Her eyes wandered away again, like a criminal looking for her escape car. "Well, no ma'am, of course I wouldn't."

I scoffed, a little harshly. "Oh, so now you're the standard of morality, aren't you?"

She looked back at me, but a new feeling had been added to the guardedness -- a vague sort of confusion. "No ma'am. That's not . . . Why would I take a purse from some random old lady?"

I felt a cold pang in my heart, feeling my face assemble to match her confusion. "Well, why wouldn't you, if you've already taken my purse?"

"Because it was your purse I needed, wasn't it? Can't be going around having some random purse, no use to it."

That was when I saw that in her eyes there were walls, but in those walls were search towers, scrutinizing me, trying to pull me apart, put me back together and make sense of me. She knew me, I realized. She knew who I was. My fingers jumped away from her shoulder. Suddenly, her skin felt too light and soft, almost like it might not have been there at all. "Scram," I said. "Just get out of here. Leave me alone."

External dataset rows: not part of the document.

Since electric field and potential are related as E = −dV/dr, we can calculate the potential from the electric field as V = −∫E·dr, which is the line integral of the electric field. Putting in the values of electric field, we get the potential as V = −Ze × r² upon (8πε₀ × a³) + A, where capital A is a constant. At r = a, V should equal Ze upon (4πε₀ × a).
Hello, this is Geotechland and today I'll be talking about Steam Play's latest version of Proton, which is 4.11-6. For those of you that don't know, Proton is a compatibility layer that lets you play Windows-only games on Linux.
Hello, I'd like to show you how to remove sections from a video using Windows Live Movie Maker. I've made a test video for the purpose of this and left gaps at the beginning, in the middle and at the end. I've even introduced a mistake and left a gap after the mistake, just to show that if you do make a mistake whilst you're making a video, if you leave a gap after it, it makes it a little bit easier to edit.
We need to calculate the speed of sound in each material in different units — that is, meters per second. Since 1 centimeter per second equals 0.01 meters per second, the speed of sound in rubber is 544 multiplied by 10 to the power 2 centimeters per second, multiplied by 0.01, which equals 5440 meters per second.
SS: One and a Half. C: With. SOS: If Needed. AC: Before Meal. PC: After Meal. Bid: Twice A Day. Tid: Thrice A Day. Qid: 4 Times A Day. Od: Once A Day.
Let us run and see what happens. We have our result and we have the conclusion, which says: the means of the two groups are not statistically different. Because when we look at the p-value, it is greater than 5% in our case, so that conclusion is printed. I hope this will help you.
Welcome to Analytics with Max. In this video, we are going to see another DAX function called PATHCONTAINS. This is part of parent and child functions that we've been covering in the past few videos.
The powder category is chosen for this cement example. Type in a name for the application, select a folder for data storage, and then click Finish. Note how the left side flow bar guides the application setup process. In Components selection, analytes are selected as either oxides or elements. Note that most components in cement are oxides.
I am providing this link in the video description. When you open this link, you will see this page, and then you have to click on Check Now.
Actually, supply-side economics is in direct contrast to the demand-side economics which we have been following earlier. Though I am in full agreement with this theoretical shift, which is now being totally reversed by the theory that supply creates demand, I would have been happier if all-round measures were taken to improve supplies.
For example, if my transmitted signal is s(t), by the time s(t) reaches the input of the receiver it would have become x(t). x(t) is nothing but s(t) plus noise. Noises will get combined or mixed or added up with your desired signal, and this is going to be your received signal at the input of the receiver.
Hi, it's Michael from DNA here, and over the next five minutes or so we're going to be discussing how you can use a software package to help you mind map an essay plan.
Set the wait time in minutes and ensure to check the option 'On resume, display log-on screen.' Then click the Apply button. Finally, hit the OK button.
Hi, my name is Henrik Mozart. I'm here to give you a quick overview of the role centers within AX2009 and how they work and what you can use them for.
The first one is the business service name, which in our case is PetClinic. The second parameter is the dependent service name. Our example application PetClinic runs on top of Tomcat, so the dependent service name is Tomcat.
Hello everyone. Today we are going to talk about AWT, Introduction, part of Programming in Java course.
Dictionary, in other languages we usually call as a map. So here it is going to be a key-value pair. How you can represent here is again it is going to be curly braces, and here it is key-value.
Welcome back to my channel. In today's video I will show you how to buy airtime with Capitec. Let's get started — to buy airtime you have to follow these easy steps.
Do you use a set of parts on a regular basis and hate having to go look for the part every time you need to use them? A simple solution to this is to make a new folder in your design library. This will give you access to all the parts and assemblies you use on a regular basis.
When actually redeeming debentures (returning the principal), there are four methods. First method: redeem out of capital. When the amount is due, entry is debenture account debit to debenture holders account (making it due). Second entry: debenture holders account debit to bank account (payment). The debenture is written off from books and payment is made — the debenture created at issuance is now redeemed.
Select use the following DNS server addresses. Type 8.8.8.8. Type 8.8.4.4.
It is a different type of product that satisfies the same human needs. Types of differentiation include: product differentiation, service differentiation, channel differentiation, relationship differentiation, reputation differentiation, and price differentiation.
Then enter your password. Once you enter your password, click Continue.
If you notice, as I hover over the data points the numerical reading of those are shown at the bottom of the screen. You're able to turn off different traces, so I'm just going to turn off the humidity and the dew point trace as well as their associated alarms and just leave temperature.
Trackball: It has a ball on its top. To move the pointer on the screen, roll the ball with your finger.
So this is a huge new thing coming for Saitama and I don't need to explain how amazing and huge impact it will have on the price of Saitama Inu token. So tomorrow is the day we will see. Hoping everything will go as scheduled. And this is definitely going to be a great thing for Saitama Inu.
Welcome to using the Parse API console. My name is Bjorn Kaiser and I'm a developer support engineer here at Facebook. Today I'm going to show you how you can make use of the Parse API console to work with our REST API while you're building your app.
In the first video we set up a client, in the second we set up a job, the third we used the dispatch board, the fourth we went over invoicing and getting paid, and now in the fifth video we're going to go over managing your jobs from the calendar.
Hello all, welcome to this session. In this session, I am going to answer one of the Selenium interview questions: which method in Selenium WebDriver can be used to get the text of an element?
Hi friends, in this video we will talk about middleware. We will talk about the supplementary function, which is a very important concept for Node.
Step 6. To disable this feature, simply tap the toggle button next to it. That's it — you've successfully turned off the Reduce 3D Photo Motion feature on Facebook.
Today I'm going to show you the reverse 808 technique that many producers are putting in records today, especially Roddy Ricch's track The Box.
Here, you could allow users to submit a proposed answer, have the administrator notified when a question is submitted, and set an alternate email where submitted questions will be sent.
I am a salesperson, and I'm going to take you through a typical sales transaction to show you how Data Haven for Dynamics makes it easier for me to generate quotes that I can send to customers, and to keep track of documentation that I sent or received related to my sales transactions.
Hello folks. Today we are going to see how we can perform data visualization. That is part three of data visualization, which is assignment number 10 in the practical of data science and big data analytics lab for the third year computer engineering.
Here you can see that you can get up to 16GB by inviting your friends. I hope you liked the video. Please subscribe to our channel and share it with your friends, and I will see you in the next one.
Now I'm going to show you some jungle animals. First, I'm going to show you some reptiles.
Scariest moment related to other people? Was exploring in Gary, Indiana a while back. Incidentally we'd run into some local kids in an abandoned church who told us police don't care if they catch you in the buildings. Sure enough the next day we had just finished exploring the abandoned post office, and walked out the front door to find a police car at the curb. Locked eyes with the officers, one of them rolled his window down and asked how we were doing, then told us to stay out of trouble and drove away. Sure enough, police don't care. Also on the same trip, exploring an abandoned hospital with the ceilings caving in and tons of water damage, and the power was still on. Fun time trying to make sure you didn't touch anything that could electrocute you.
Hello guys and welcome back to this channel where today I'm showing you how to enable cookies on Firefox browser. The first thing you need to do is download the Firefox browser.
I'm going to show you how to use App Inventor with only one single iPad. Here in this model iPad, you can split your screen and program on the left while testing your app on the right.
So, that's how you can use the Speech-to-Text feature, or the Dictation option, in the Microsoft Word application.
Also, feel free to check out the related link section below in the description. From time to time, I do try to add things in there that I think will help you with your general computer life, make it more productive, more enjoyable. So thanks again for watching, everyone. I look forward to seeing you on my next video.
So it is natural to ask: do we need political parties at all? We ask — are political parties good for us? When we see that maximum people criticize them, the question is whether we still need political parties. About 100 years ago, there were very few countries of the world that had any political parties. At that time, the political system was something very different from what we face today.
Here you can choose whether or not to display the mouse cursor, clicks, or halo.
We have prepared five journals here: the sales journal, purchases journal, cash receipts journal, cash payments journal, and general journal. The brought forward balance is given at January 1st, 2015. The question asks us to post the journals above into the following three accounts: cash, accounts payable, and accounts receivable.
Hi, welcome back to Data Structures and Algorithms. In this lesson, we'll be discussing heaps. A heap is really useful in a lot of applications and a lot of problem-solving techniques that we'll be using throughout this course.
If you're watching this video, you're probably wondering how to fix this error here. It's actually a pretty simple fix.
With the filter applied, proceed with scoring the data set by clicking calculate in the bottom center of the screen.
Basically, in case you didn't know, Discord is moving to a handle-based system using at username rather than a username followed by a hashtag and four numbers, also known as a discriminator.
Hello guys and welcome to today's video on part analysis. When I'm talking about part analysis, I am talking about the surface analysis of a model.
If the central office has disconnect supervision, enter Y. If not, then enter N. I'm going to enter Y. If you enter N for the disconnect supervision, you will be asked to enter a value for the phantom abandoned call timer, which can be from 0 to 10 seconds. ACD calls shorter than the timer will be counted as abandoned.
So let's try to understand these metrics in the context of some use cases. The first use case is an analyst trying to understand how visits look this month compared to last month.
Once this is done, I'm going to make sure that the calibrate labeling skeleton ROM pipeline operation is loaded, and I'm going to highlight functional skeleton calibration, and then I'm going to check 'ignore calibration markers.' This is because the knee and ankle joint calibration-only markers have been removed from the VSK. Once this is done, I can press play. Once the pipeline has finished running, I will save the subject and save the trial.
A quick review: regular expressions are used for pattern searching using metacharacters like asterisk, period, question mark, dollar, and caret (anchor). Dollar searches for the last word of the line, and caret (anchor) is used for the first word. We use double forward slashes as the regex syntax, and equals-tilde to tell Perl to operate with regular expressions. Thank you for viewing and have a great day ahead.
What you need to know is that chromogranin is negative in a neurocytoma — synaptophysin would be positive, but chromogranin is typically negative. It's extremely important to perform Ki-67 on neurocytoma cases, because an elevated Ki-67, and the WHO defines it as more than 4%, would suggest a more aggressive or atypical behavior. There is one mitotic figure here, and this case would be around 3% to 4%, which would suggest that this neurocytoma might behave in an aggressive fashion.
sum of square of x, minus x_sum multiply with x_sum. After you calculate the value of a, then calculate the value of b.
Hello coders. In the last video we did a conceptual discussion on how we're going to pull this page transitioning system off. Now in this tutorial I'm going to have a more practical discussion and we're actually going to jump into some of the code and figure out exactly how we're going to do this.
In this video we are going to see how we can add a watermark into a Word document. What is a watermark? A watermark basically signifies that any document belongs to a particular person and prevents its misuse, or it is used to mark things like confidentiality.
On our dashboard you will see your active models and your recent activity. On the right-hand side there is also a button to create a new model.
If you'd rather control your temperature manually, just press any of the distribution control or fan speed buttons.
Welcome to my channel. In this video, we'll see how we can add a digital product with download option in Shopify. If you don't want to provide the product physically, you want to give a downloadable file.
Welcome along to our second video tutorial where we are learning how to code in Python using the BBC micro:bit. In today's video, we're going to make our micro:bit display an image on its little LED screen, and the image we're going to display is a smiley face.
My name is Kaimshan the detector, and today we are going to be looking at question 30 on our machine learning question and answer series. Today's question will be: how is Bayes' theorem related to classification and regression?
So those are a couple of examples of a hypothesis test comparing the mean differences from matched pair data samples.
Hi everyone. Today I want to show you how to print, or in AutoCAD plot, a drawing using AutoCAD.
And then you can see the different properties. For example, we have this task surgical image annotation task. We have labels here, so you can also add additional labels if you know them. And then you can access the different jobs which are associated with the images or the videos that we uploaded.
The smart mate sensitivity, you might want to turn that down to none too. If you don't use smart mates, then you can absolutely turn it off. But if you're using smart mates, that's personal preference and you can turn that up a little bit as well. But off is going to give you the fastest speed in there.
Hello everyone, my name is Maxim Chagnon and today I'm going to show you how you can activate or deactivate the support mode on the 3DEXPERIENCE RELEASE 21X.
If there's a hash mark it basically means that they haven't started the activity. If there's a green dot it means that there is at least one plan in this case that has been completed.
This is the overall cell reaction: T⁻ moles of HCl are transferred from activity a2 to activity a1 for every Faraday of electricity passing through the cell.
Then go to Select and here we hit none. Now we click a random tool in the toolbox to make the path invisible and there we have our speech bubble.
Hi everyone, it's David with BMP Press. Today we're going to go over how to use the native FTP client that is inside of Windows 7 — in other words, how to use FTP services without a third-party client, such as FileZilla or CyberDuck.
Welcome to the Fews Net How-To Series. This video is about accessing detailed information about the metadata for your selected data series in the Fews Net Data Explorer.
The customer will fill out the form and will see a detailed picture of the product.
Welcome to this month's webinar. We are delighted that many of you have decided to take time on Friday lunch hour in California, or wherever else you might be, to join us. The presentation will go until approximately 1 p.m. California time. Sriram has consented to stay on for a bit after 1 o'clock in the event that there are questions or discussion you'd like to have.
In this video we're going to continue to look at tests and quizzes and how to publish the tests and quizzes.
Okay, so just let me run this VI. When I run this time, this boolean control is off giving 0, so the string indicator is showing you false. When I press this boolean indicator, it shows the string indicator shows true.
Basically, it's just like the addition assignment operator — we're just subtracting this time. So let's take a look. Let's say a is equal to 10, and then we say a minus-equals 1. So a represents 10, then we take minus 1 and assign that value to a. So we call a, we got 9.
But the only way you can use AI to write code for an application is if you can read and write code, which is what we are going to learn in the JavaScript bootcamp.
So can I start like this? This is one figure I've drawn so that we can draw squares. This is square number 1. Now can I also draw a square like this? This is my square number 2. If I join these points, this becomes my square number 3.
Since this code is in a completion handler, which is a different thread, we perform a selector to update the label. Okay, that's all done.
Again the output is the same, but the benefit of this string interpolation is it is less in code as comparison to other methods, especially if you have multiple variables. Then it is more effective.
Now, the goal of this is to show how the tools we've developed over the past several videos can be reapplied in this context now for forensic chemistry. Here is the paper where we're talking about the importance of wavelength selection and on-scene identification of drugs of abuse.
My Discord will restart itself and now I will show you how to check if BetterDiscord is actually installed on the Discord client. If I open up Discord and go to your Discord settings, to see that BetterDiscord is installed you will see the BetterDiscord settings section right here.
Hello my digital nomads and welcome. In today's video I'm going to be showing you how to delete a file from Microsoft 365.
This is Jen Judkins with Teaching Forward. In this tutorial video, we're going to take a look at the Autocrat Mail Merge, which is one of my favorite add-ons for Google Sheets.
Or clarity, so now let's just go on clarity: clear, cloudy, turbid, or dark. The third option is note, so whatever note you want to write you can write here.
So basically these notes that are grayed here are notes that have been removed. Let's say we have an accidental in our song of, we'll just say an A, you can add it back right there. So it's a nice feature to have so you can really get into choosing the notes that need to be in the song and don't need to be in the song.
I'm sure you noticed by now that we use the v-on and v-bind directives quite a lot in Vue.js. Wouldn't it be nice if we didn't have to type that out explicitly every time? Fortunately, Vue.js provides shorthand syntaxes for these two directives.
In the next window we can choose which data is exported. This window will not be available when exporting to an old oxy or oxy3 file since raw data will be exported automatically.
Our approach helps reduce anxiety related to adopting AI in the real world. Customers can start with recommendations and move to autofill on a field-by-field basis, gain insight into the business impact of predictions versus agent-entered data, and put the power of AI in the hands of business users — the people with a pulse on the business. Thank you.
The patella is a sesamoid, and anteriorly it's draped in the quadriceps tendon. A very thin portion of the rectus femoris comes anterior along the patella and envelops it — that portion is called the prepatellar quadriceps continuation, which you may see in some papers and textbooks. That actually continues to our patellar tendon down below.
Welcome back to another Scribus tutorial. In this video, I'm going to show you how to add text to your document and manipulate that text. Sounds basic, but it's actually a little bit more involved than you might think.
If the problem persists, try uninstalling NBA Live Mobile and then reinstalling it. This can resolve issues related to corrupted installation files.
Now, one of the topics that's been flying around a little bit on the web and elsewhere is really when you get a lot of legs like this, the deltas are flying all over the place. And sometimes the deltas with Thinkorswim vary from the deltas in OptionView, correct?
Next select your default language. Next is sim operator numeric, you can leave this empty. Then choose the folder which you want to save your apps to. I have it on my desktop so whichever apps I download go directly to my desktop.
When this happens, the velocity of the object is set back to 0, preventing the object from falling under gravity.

She didn't lose my gaze, her brows furrowed like I was a crossword that was giving her some trouble. "Well maybe you aren't then, anyway."

"What?" My heart spiked me with a rush of blood sending my head into light, dizzy whiteness. "What in the world is that supposed to mean?" I looked her up and down, taking in her shabby, obviously stolen clothes, her straight, boyish hips and flat chest. The firm set of her lips. Her white knuckles, clenched around something. I could see her thumb pressed to the top of it. She caught me staring and snatched the hand behind her back. "What've you got?" I said. "Give it to me. What'd you take?"

"Nothing of yours. I have to go."

"You little thief!" I called, but she was gone by then. I had my keys and my phone and my wallet so I decided to put my shoes back on and go back to being a civilized person. I decided to forget about her.